Now that I’m using an RSS reader, I am cursing everyone that publishes a truncated version of entries in their RSS feed. Its bullshit, and it isn’t going to encourage me to visit your actual site.
Of course, I’m pretty sure my RSS is truncated, since that seems to be the Movable type default (WHY?), I need to muck with my templates and fix it.
Yahoo! News – U.S. Denies Iran Report of Bin Laden’s Capture
IRNA quoted a story on Iran’s state radio Pashtun service which reported “a very reliable source” as saying bin Laden had been captured in a tribal area of Pakistan.
A senior U.S. defense official denied the report, telling Reuters it was “another piece of stray voltage that’s passing around out there.”
Call me cynical, but I just have to believe that this administration would keep Bin Ladin on ice for a while, so they can trot him out at an opportune time to influence the presidential election, just as the Regan administration cut a deal with Iranian militants to hold on to the American hostages until after Carter was gone.
I’ve been poking around a bit looking at RSS Readers/Aggregators because I want to increace the number of blog-like sources of information I read without significantly expanding the amount of time I spend on the activity. Having everything reviewable in one place, with the ability to see at a glance what’s new and what isn’t should really help towards that goal.
So far FeedDemon seems like the most featureful and polished application. It provides various filtering functionality, Outlook-like previews of unread items and a nice “newspaper” like view of all the entries in a particular grouping. It also has an easy to use clipping bin allowing the archiving of interesting entries.
Unfortunately, it lacks some other features I find desirable.

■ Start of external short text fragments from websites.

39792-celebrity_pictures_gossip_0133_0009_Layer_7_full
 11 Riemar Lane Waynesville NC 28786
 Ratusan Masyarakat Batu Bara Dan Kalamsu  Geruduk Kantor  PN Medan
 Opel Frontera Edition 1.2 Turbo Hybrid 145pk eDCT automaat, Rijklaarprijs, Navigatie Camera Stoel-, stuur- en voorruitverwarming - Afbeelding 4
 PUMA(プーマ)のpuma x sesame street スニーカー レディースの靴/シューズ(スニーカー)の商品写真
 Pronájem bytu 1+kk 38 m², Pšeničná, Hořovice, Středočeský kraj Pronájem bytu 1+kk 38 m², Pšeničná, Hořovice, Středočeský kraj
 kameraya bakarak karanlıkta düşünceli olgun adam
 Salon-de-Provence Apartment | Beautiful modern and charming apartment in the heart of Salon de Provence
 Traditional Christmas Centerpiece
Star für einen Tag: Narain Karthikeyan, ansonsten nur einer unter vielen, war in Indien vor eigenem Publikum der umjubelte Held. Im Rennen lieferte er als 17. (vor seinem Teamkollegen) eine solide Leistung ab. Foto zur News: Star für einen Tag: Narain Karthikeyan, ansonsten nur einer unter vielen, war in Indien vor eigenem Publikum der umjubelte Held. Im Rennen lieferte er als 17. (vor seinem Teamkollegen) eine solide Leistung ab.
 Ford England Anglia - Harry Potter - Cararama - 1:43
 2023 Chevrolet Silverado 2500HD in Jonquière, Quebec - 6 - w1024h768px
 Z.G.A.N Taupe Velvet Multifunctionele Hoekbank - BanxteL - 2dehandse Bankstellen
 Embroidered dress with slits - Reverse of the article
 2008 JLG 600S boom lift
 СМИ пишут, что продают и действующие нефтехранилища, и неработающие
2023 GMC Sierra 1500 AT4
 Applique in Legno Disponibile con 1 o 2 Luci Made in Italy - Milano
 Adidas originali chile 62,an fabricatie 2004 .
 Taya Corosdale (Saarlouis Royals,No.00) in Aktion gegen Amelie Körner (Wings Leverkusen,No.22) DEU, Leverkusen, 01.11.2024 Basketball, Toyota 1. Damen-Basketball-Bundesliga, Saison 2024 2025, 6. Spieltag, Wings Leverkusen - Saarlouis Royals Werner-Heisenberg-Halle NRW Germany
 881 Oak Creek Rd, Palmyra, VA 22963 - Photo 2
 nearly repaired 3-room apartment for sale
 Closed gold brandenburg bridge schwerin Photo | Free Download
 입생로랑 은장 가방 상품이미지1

There is no way, so far as I can tell, to use the outlook inbox-like listview to scan items from multiple feeds in a single window (unless you kludge something with the filter functionality). The only way to do this is with the newspaper view, but in that case, it appears to insist on doing a top-level grouping by source, so that all the new items for a given feed are clumped togeather. I’d rather have the option of merely sorting them all in reverse chronological order. The other issue is that it seems this grouping can only be done for a single “folder.”
The OpenSource .NET based Sharpreader seems to address many of these issues. It allows you to create a nested hierarchy of feeds, and by simply clicking on a given node of the hierarchy, it will roll all the feeds contained below it together and display them in chronological order, interleaving items from multiple feeds. Unfortunately, it doesn’t include the preview functionality, nor does it have the option of viewing the full content of all enties in a sort of webpage view like FeedDemon and some other products. It also doesn’t have a bin for archiving items of interest.
I’ve yet to explore the support of any of these products for posting to blogging tools. Also, if I were currently working, I’d be interested in the ability to synchronize state between two machines, so the articles I might have skimmed at work would show up as read when I read from home.
Yahoo! News – CIA Chief: Al Qaeda Can Still Do 9/11 Style Attack
Director George Tenet said on Tuesday that despite strides made against al Qaeda it remained capable of conducting an attack on the scale of Sept. 11, 2001, and he warned of dangers from broader anti-American sentiment among Muslim extremists.
Yay! Such a good war president. Afganistan continues to unravel, and Iraq has provided Al Queda with a new source of recruits, and a new front to shoot at American soldiers AND hammer our credibility as both a military force and a determined champion of freedom and justice.
Nearly a decade ago, I got the idea that it would be really cool to build a clock out of those little glowing tubes used to disply numbers on electronic cash registers before LEDs came along. There was one tube per digit, with a separate fillament in the shape of each number, and they would glow neon orange. I asked around on USENET and learned that they were called Nixie tubes. Of course, I never actually built a clock with one.
Appearanlty I wasn’t the only one with the idea, because several people have built nixie clocks. There is even
an article on it in IEEE Spectrum with a brief history of the device and photos of various tinkerers completed clocks. Even better, this guy’s site has plans for one (as well as lots of other cool electronic and electrical artifacts and experiments). One fellow even made a nixie wristwatch.
There are also people selling completed clocks, but I’m not about to send my large and affluent readership their way without compensation, so you folks will just have to search on google yourselves until my people can work out some sort of paid placement deal.